Microsoft's new document AI model

October 12, 2022

Oct 12, 2022

Matrix multiplication is all you need.

—Bojan Tunguz, Machine Learning at Nvidia

It turns out there are five different ways to multiply matrices together. In the future, we’ll do a deep dive to learn why matrix math is so important in ML and why it’s critical to do it as efficiently as possible.

Model review

DiT

Ever wanted a model that can parse hundreds of pages of legal documents for you?

Document Image Transformer (DiT) is a vision-only transformer-based document AI model made by Microsoft that just came out a few months ago. It achieves state-of-the-art results on various tasks including document classification, document layout analysis, and table detection. Thanks to HuggingFace, you can test out DiT’s capabilities yourself too, just upload a JPG and click submit. Here’s an example of what layout analysis looks like from DiT.

How does DiT outperform previous models? It uses a self-supervised approach to train on large-scale unlabeled text images. No supervised counterparts exist due to the lack of human-labeled document images.

Masked image modeling (MIM)

A common way to perform self-supervised learning with images is to use a technique called masked image modeling (MIM). This approach helps train the encoder portion of a transformer model by randomly masking parts of the image and attempting to predict the missing pieces. Each image gets split up into 196 non-overlapping 16x16 patches. These patches get a 1d position embedding which denotes the order of their patch in the image.

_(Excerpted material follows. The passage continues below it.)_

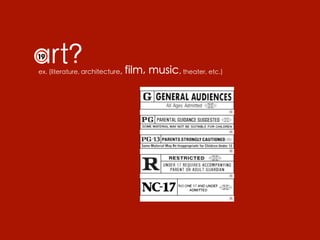 art?
ex. (literature, architecture,   film, music, theater, etc.)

From here, two different things happen:

An image tokenizer uses this information to create an abstract, high-dimensional, numeric representation of the image patches.
Some portion of the image patches are masked and fed into the transformer, which attempts to recover the abstract, high-dimensional, numeric representation that was created by the tokenizer.

Guessing these missing pieces trains the transformer model to build some sort of understanding about images and in our case, document images.

Auto-encoder

So how does this tokenizer create this abstract, high-dimensional, numeric representation of the image patches? The specific image tokenizer used by DiT is called a discrete variational auto-encoder (dVAE). In short, it is an unsupervised neural network that learns how to efficiently compress and encode data and then learns how to reconstruct the data back from the reduced encoded representation to a representation that is as close to the original input as possible. In our case, the auto-encoder takes in an image, creates an embedding of the representation, then tries to recreate the image using only the information from the embedding. The model here gets penalized based on the differences in the reconstructed image. In the beginning stages, the reconstructed image may not look remotely like the original. But by doing this many times, the encoder part of this learns to filter out unnecessary data from the image and produces high-quality embedding representations. Eventually, we’ll be able to get a very similar-looking reconstructed image. Think of it as a way to ultimately just compress the large amounts of image data (each pixel in the image X the color of each pixel) into a small vector of numbers that captures all the relevant data and filters out the noise.

After the training procedure is finished, we’ll use the encoder portion of this model as our image tokenizer.

A brief history of the models that have influenced DiT

October 2020: ViT, a transformer-based model trained with supervised learning classifies images. This was the first time transformers were used in vision, and ViT attained excellent results.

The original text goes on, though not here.